Getting down to the wire, I was (and still am) slightly concerned that this would drag on and I would have to renew my U.S. passport first, since it's getting kinda close to the point where it's only valid for six months. This would have cost me 1.) more money 2.) plus a trip to a consulate that actually does shit for U.S. citizens 3.) money and time off work for a trip to Bremen, Berlin, or Frankfurt.

As luck would have it, I finally received notification that the Germans are letting me in!
The full term is that they are giving me a Einbürgerungszusicherung (assurance of naturalization). This thing is valid for 2 years, during which time I have to submit a Certificate of Loss of Nationality (CLN). It is at that time that I offically stop being US American and start being German.
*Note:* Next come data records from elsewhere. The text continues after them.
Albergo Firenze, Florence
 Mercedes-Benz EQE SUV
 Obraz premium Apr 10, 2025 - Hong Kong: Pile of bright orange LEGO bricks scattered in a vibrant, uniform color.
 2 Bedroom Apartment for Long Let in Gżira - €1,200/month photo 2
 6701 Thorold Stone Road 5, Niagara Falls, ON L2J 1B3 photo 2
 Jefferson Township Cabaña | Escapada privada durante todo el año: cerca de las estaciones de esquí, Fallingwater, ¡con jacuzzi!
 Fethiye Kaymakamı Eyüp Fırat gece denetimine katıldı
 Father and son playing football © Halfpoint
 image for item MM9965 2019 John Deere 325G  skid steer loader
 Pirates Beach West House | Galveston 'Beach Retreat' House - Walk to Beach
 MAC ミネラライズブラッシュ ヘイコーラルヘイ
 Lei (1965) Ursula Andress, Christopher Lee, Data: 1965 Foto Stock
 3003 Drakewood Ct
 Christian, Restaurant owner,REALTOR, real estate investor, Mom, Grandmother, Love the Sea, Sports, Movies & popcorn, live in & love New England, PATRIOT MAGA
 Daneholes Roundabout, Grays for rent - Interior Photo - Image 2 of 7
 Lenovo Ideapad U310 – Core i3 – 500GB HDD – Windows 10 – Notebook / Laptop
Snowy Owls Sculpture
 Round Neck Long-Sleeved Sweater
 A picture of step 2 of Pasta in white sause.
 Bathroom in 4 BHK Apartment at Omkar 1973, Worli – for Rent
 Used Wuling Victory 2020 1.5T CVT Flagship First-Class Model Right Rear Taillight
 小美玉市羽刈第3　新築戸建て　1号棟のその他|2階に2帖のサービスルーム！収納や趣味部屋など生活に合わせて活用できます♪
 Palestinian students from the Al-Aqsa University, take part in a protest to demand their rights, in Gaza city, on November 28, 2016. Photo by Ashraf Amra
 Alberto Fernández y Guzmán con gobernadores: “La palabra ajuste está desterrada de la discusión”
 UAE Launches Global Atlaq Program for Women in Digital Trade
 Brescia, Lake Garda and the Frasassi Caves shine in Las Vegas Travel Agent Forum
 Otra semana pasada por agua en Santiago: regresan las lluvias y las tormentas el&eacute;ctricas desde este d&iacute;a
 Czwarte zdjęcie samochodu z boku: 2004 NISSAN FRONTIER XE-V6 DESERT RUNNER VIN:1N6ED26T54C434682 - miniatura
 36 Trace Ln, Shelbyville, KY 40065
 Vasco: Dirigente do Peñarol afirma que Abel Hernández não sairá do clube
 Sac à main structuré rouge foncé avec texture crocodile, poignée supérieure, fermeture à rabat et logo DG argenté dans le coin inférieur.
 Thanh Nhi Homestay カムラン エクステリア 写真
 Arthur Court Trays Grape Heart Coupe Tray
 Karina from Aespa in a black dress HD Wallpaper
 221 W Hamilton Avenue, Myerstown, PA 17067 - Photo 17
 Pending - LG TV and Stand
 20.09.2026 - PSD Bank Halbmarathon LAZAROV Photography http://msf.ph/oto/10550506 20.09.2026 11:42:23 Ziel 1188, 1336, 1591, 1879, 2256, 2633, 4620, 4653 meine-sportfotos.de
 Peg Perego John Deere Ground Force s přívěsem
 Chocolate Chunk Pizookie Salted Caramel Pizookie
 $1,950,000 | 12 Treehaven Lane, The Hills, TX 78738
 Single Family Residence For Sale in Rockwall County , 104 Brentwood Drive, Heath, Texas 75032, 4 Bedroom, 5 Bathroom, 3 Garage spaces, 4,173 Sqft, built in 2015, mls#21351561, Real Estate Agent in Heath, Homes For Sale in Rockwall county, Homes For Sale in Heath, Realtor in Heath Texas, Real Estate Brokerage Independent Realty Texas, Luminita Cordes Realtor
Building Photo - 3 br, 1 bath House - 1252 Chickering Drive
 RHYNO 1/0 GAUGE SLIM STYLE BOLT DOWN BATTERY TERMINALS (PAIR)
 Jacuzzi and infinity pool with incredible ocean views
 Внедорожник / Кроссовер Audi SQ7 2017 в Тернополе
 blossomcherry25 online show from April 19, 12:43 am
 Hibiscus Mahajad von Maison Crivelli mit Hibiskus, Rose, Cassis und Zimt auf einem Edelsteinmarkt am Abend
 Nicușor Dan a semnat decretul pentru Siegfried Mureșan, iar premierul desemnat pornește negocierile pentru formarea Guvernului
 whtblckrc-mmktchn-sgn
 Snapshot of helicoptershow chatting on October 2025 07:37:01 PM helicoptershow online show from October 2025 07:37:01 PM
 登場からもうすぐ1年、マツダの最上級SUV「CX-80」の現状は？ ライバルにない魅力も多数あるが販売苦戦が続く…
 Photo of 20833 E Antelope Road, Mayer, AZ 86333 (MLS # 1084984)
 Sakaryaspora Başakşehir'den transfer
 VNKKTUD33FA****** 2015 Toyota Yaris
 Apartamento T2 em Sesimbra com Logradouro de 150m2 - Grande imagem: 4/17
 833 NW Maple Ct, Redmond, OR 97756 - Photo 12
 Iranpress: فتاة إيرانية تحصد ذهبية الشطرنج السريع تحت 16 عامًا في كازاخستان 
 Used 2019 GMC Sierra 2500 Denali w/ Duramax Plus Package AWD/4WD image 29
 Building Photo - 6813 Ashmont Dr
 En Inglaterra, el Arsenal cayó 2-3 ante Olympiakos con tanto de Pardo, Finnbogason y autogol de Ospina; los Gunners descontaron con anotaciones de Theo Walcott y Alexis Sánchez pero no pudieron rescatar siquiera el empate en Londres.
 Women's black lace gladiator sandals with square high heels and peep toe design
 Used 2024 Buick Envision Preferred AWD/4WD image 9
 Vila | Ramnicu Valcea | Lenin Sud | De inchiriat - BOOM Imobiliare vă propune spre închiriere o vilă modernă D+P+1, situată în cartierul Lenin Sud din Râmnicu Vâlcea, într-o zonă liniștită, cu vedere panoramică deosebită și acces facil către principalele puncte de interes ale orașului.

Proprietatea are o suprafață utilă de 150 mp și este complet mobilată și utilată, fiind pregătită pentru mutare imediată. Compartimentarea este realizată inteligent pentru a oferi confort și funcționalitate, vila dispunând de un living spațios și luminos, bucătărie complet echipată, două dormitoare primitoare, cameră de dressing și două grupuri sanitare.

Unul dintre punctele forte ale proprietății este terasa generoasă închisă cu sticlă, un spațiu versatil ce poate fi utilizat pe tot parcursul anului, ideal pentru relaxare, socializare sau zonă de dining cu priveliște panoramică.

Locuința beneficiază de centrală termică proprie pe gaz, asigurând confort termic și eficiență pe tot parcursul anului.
In true German style, the letter in my mailbox was not the assurance certificate itself, but rather a letter informing me of an appointment early next month where I can go pick this piece of paper up. At any rate, this will then wrap up all the stuff I have to do for Germany to gain citizenship. After this,

Currently the tally is still at 280€ spent in this endeavor, but watch this shit start to skyrocket.
For now, I'm just happy that I made it this far.